Nel 2015 i provvedimenti di commissariamento sono stati 47 e in 4 casi si è trattato di gestioni straordinarie in conseguenza di comportamenti illeciti di matrice corruttiva; poi, 7 misure di sostegno e monitoraggio per episodi di illegalità ritenuti meno radicati in seno all’impresa incriminata, e infine 36 gestioni straordinarie a seguito di interdittive antimafia, che però hanno fatto registrare esperienze applicative “non sempre positive” quando si è trattato di imprese di grandi dimensioni “titolari di plurimi appalti”. Il presidente dell’Autorità, Raffaele Cantone, nel suo intervento ha comunque voluto sottolineare: “I rischi e le preoccupazioni da qualcuno paventati circa un utilizzo indebito dell’istituto del commissariamento si sono rivelati oggettivamente infondati alla luce delle esperienze applicative che hanno, fra l’altro, consentito di consolidare ulteriormente il circuito collaborativo, avviato sin dall’inizio, con il Ministero dell’Interno e con le Prefetture”. Cantone ha inoltre ricordato che a fine 2015, l’Anac si è dovuta cimentare anche con l’estensione dell’istituto del commissariamento al settore sanitario, “nuovo fronte aperto dal legislatore”, e già pochi giorni dopo l’introduzione di tale novità ha proposto al Prefetto di Roma il commissariamento dell’Ospedale Israelitico, “a seguito dei gravi fatti illeciti emersi in sede penale a carico dei suoi amministratori”. “Siamo consapevoli di quali sono i nostri ambiti di intervento e cosa non vogliamo né dobbiamo essere” e “non siamo un`Autorità che vuole fare il gendarme nei confronti della pubblica amministrazione e delle stazioni appaltanti, né intendiamo arrogarci compiti non nostri”.
“Non ci compete, infatti – ha sottolineato – di scoprire la corruzione, essendo tale incombente riservato alle Procure della Repubblica. Con esse, è scontata ed in corso una leale cooperazione tra istituzioni che restano, però, distinte ed autonome; non appena emerge anche solo il fumus di una notizia di reato, gli atti vengono trasmessi alle Procure, con cui collaboriamo alle indagini, se richiesto, mettendo in campo il nostro know-how tecnico-giuridico, soprattutto in materia di appalti”.

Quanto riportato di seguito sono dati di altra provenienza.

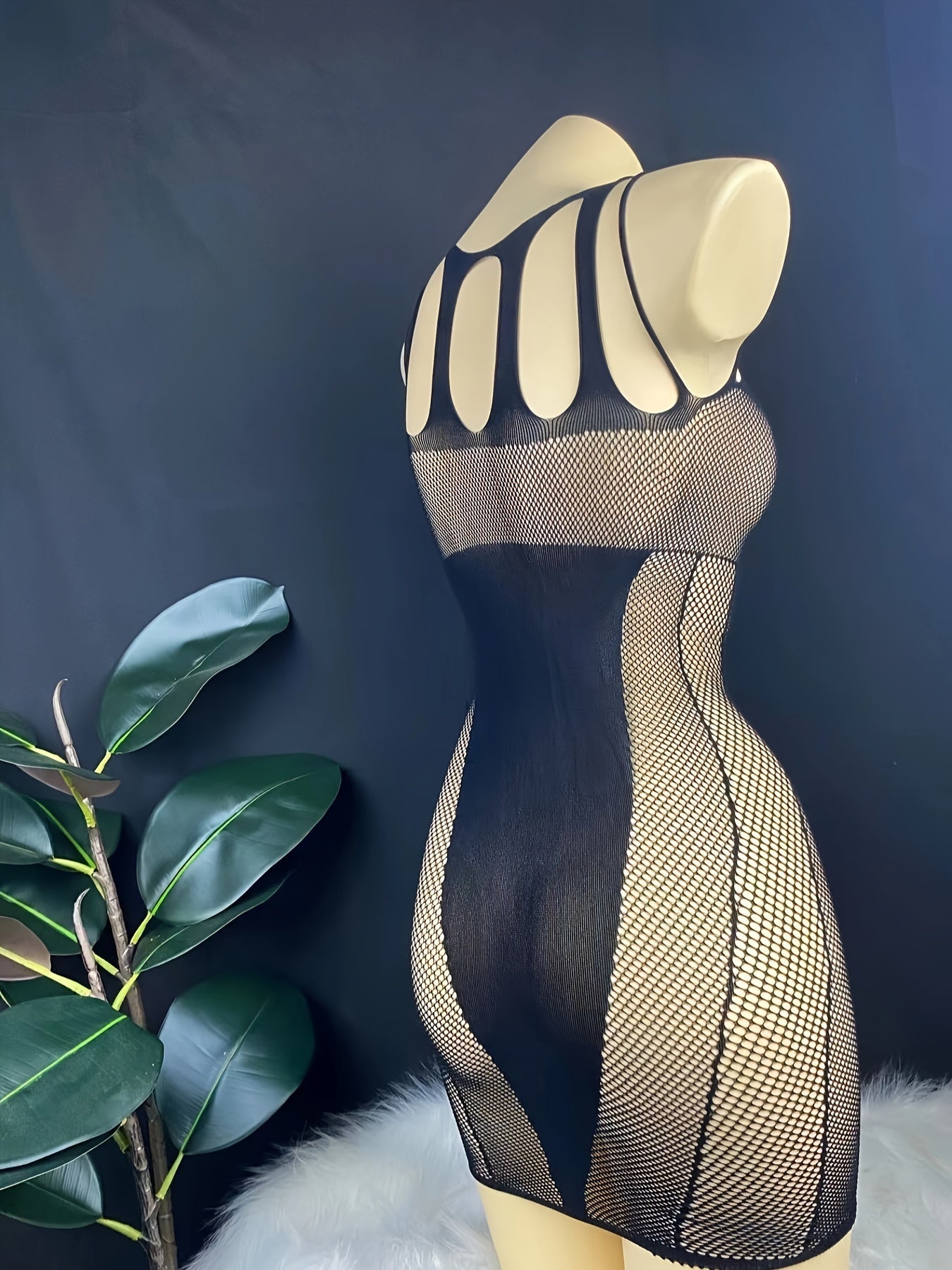 Женский кружевной боди для ночной жизни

“Non siamo, però – ha anche avvertito Cantone – un`Autorità che vuole soltanto effettuare controlli ex post, eventualmente portati a termine quando ormai sono poco utili. Stiamo, invece, sperimentando un ruolo che ci consente, mantenendo in pieno l`indipendenza, di lavorare fianco a fianco con le amministrazioni, per evitare che errori o irregolarità si possano tradurre in fatti di maladministration o di vera e propria corruzione e lo stiamo facendo, come abbiamo visto, con le varie attività di vigilanza sempre più di tipo collaborativo e con quella funzione paraconsultiva che rappresenta una parte significativa del nostro impegno quotidiano”.